▸ **RECORDS SHOWN**
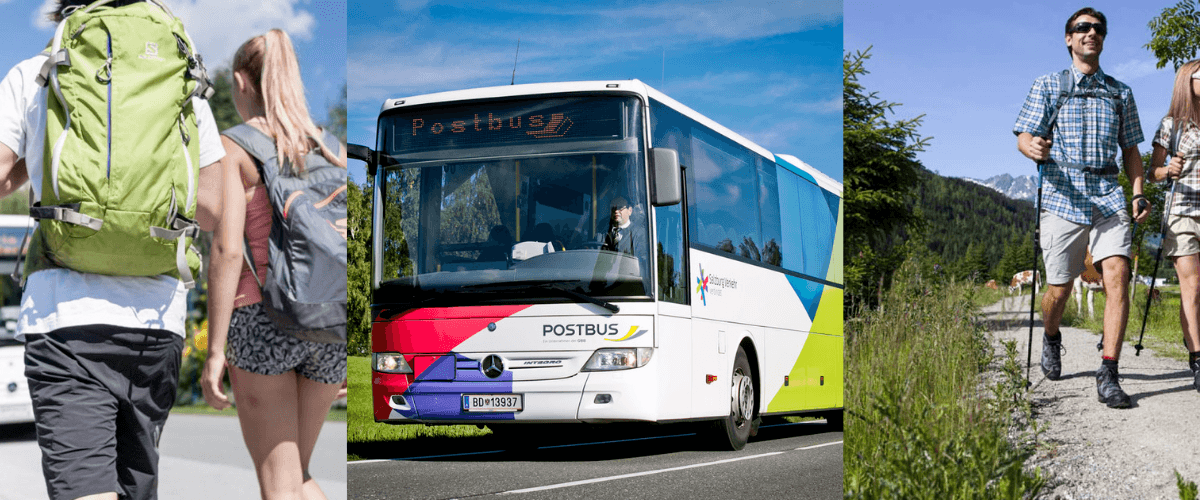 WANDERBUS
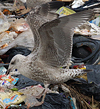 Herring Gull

--

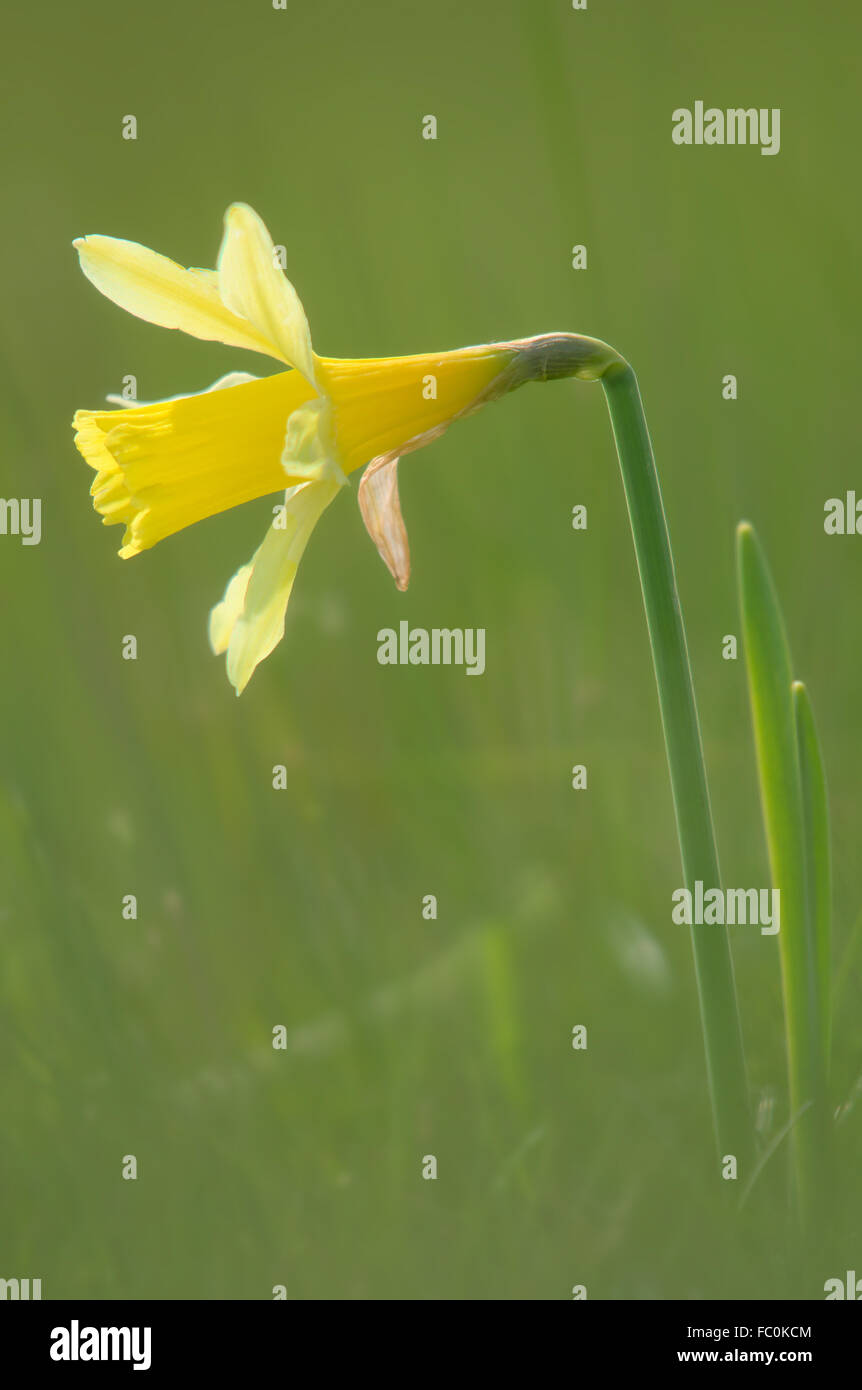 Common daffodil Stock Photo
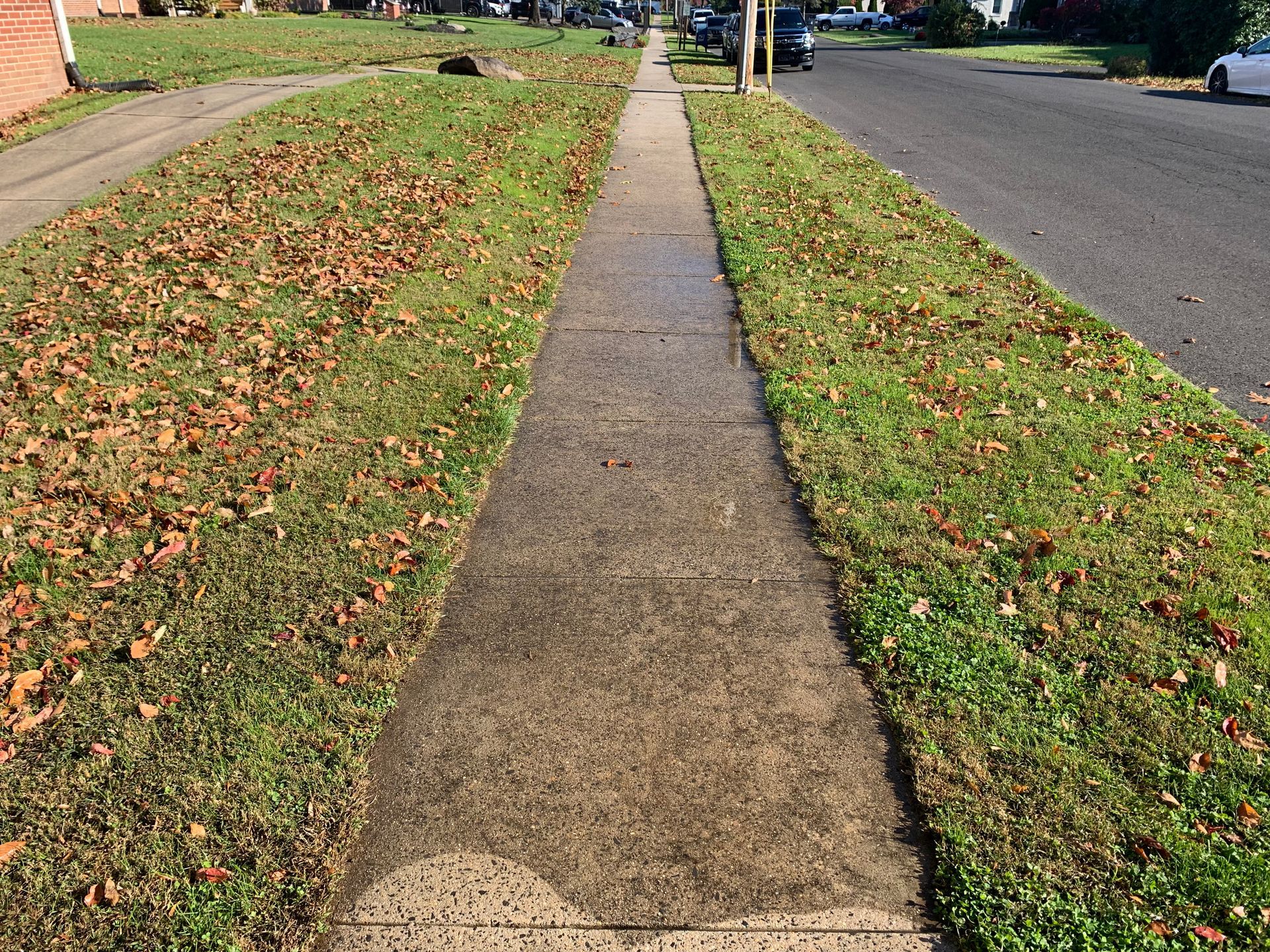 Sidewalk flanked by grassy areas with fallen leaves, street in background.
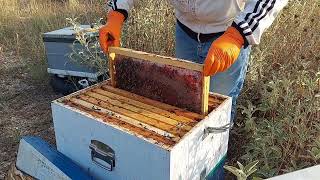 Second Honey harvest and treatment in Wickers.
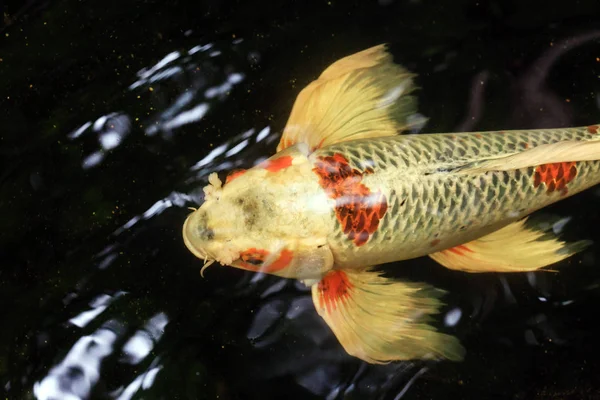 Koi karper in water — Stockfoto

▸ **EXERCISE**
Given the entries above, transcribe exactly the lines from the one holding "Sidewalk flanked by" through the one holding "Koi karper in water — Stockfoto"; pictures do not belong in the transcription.

▸ **EXERCISE ANSWER**
 Sidewalk flanked by grassy areas with fallen leaves, street in background.
 Second Honey harvest and treatment in Wickers.
 Koi karper in water — Stockfoto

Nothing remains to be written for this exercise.